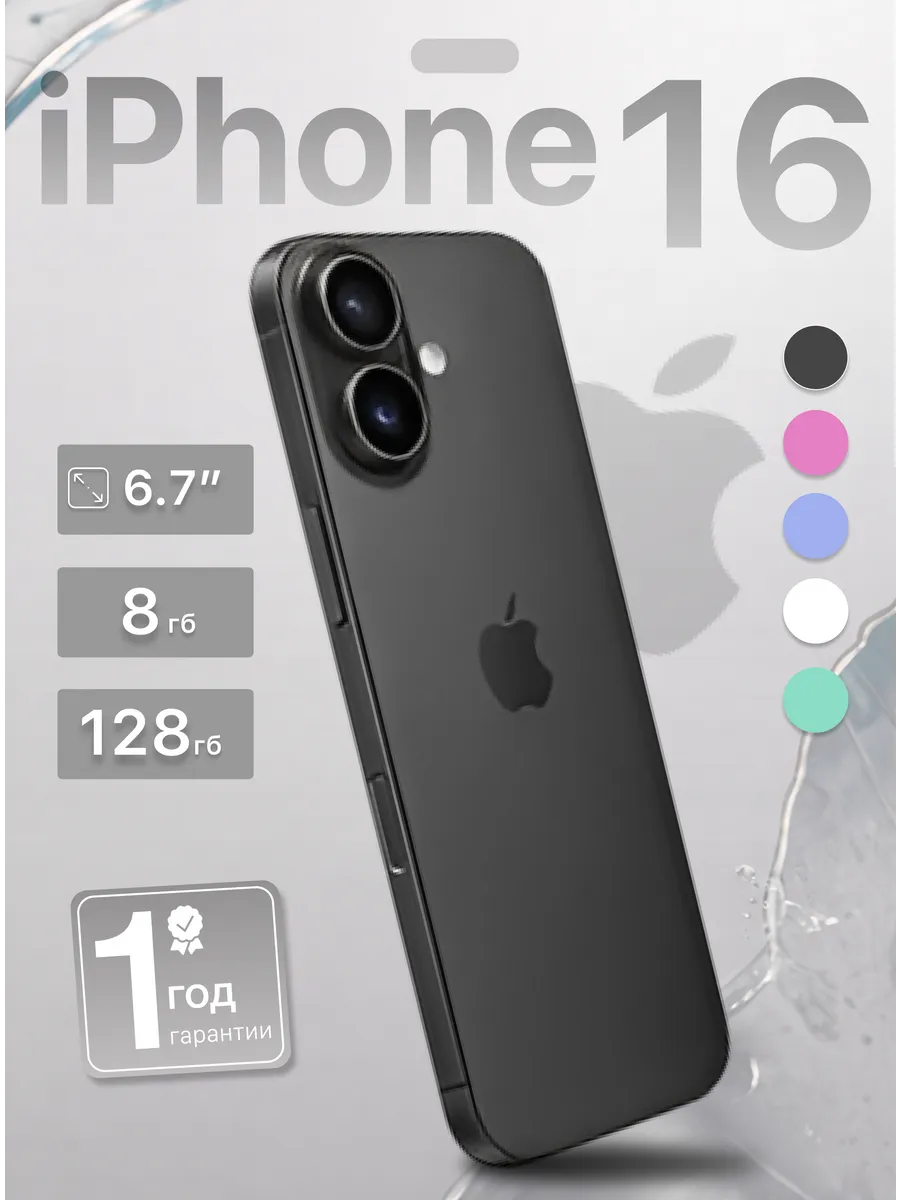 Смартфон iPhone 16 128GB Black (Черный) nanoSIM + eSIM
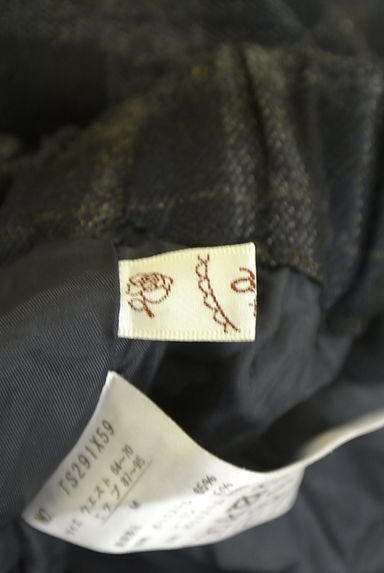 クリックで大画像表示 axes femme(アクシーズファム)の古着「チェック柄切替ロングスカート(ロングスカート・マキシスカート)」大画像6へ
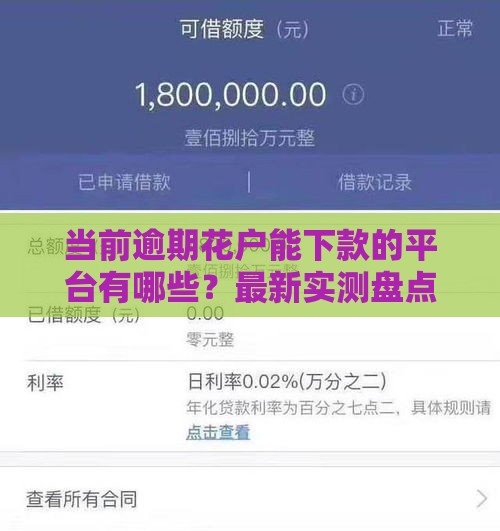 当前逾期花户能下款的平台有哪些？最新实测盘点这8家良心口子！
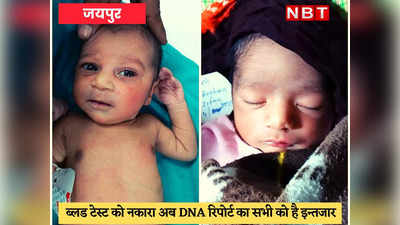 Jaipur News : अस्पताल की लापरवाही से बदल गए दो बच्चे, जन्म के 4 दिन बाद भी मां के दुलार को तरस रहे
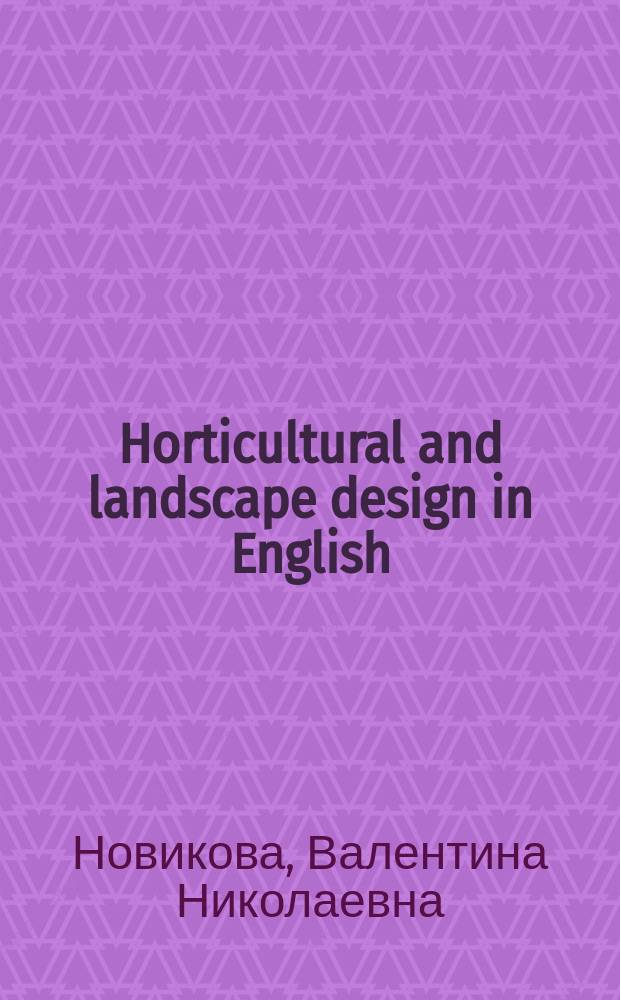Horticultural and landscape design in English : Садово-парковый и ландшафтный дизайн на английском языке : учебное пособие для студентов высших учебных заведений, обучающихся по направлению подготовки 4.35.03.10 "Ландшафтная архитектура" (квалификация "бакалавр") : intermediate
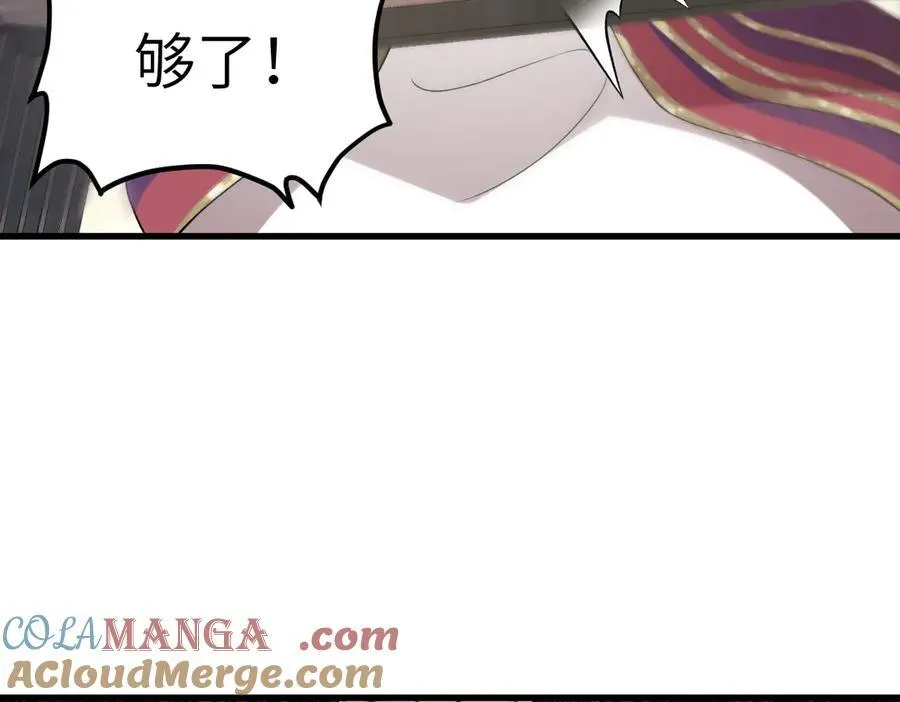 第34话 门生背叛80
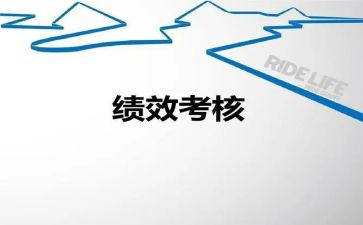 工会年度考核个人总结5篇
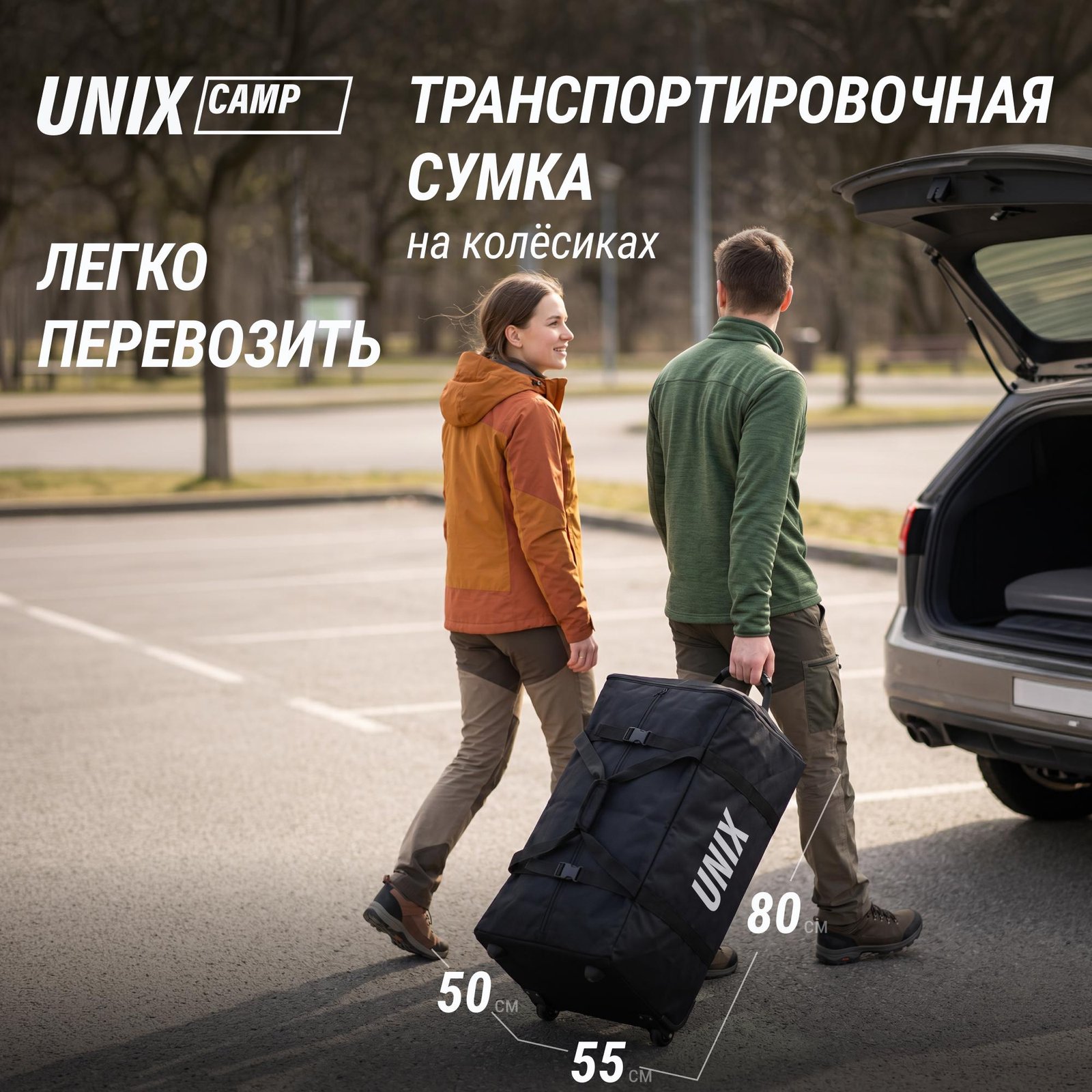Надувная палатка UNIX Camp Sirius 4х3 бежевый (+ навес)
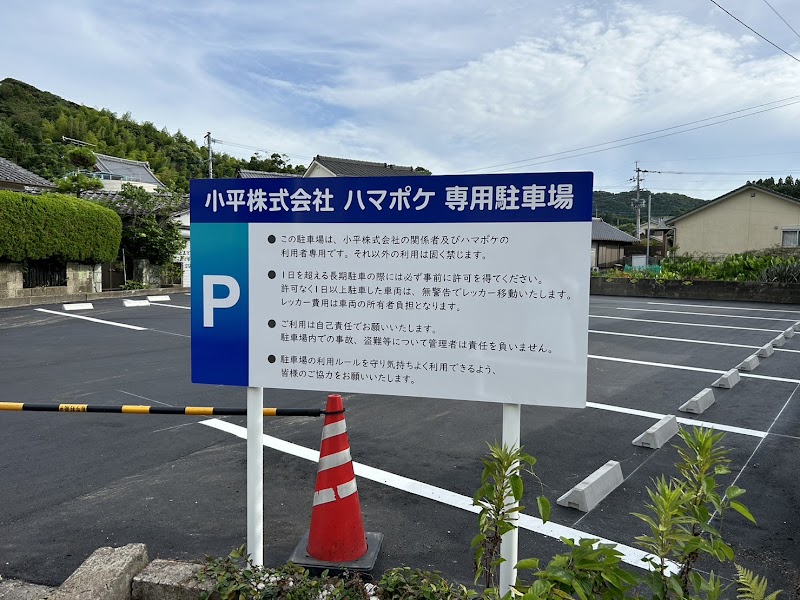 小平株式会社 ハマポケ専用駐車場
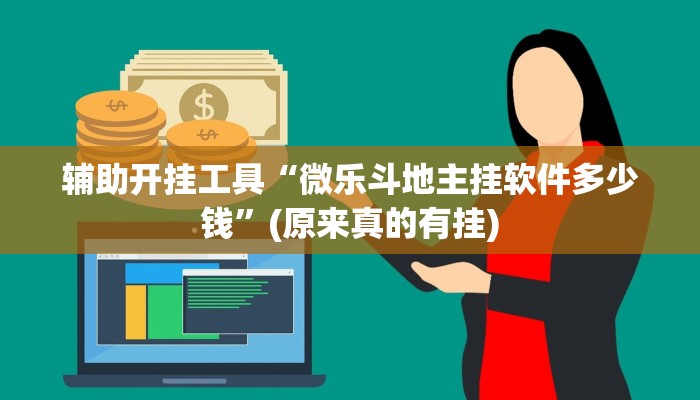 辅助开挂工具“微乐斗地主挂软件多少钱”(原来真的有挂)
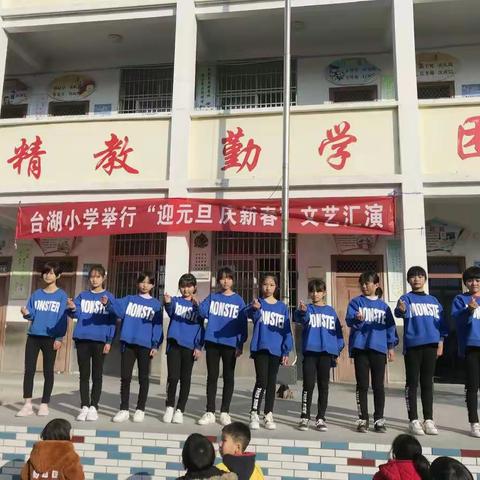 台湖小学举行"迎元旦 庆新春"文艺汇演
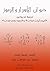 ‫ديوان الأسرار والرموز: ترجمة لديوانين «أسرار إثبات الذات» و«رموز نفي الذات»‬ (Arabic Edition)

◇ ◇ ◇ ◇ ◇ ◇ ◇

WHAT TO DO: The required output is each record above, reproduced exactly, without its pictures.

ANSWER SPACE:
 Смартфон iPhone 16 128GB Black (Черный) nanoSIM + eSIM
 クリックで大画像表示 axes femme(アクシーズファム)の古着「チェック柄切替ロングスカート(ロングスカート・マキシスカート)」大画像6へ
 当前逾期花户能下款的平台有哪些？最新实测盘点这8家良心口子！
 Jaipur News : अस्पताल की लापरवाही से बदल गए दो बच्चे, जन्म के 4 दिन बाद भी मां के दुलार को तरस रहे
Horticultural and landscape design in English : Садово-парковый и ландшафтный дизайн на английском языке : учебное пособие для студентов высших учебных заведений, обучающихся по направлению подготовки 4.35.03.10 "Ландшафтная архитектура" (квалификация "бакалавр") : intermediate
 第34话 门生背叛80
 工会年度考核个人总结5篇
Надувная палатка UNIX Camp Sirius 4х3 бежевый (+ навес)
 小平株式会社 ハマポケ専用駐車場
 辅助开挂工具“微乐斗地主挂软件多少钱”(原来真的有挂)
 台湖小学举行"迎元旦 庆新春"文艺汇演
 ‫ديوان الأسرار والرموز: ترجمة لديوانين «أسرار إثبات الذات» و«رموز نفي الذات»‬ (Arabic Edition)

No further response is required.